ES8 cells expressing luciferase were injected i.p. in 8- to 14-week-old NOD.Cg-Prkdcscid Il2rgtm1Wjl/SzJ [nonobese diabetic/severe combined immunodeficient (NOD/SCID) Il2rgnull] mice (Jackson Laboratory; 2 × 105 to 1 × 106 cells per mouse). NK cells from healthy donors were expanded for 7 days, resuspended in RPMI 1640 plus 10% FBS (1-3 × 107 cells per mouse) and then injected i.p. at the schedules indicated in the Results section. In some experiments, multiple injections of NK cells were given together with i.p. injections of IL-2 (20,000 IU each). Mice receiving tissue culture medium with or without IL-2 instead of NK cells served as controls. EWS engraftment and progression was evaluated using a Xenogen IVIS-200 system (Caliper Life Sciences), with imaging beginning 5 minutes after i.p. injection of an aqueous solution of d-luciferin potassium salt (3 mg/mouse). Photons emitted from luciferase expressing cells were quantified using the Living Image 3.0 software program. Some mice were treated with a single dose of 3.25 Gy whole-body irradiation 7 days after tumor cell injection. Irradiation was delivered by a cesium irradiator with attenuator shields to reduce radiation by ∼10-fold from the source. The dose of 3.25 Gy was chosen based on previously published data about radiation sensitivity of NOD/scid Il2rgnull mice (45). If NK cells were administered, the first infusion was done within 1 hour after the irradiation.

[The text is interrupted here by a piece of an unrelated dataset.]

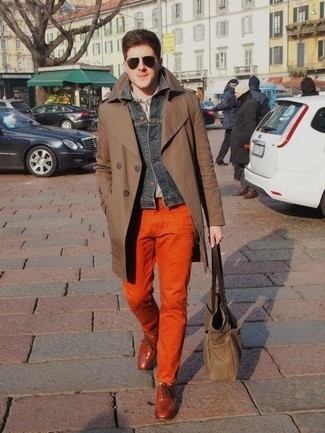 Brown Trenchcoat Outfits For Men: Showcase that nobody does smart casual men's fashion like you by wearing a brown trenchcoat and orange chinos. And if you want to effortlessly polish up your ensemble with one piece, why not add brown leather oxford shoes to the equation?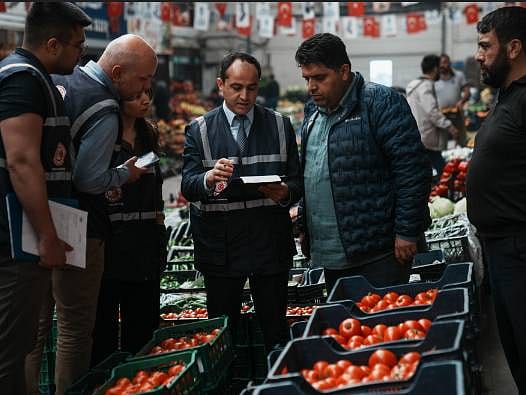 Bakanlıktan fahiş fiyata geçit yok: Kurban Bayramı öncesi bilet ve gıda fiyatları denetleniyor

Relative sensitivity of sarcoma and neuroblastoma cells to the cytotoxicity of expanded NK cells

To determine the relative sensitivity of cells derived from pediatric solid tumors to the cytotoxicity of expanded NK cells, we obtained NK cells from five healthy donors and stimulated them for 7 days by coculture with irradiated K562-mb15-41BBL cells. After depletion of residual T cells, we tested the cytotoxicity of the expanded NK cells against EWS (TC71, SK-N-MC, ES8, EW8, and A673), rhabdomyosarcoma (RH30, RH36, RH41, and TE32), neuroblastoma (NB1691, JF, and SK-N-SH), and osteosarcoma (U-2 OS, HOS, and MG-63) cell lines, for a total of 45 experiments. After 4 hours of culture, there was considerable heterogeneity in the degree of sensitivity to NK cell cytotoxicity among the disease-defined groups. As shown in Fig. 1A, there was a median cytotoxicity of 87.2% at a 1:1 E:T with EWS cell lines, of 79.1% for rhabdomyosarcoma cell lines, but only 46.1% and 48.1% for neuroblastoma and osteosarcoma cell lines, respectively (P = 0.0003). At 1:2, median cytotoxicity against EWS cells continued to exceed 80% and was considerably higher than that observed in the other groups (P = 0.0002; Fig. 1B). Thus, EWS cells are particularly sensitive to cytotoxicity of expanded NK cells. Among the other groups, susceptibility to NK cells was particularly heterogenous. For example, median cytotoxicity at 1:1 was 89.0% for the osteosarcoma cell line HOS but 6.0% with the MG-63 cell line.

Fig. 1.

Susceptibility of cell lines derived from pediatric solid tumors to cytotoxicity by expanded NK cells. Shown are results of 4-h cytotoxicity assays done at 1:1 E:T ratio (A) and at 1:2 E:T ratio (B). Included in the tests were cell lines derived from the EWS family of tumors (TC71, SK-N-MC, ES8, EW8, and A673), rhabdomyosarcoma (RMS; RH30, RH36, RH41, and TE32), neuroblastoma (NB; NB1691, JF, and SK-N-SH), and osteosarcoma (OS; U-2 OS, HOS, and MG-63. Each symbol represents the mean of triplicate measurements relative to control cultures with no NK cells. Horizontal bars, median values in each group.

Fig. 1.

Susceptibility of cell lines derived from pediatric solid tumors to cytotoxicity by expanded NK cells. Shown are results of 4-h cytotoxicity assays done at 1:1 E:T ratio (A) and at 1:2 E:T ratio (B). Included in the tests were cell lines derived from the EWS family of tumors (TC71, SK-N-MC, ES8, EW8, and A673), rhabdomyosarcoma (RMS; RH30, RH36, RH41, and TE32), neuroblastoma (NB; NB1691, JF, and SK-N-SH), and osteosarcoma (OS; U-2 OS, HOS, and MG-63. Each symbol represents the mean of triplicate measurements relative to control cultures with no NK cells. Horizontal bars, median values in each group.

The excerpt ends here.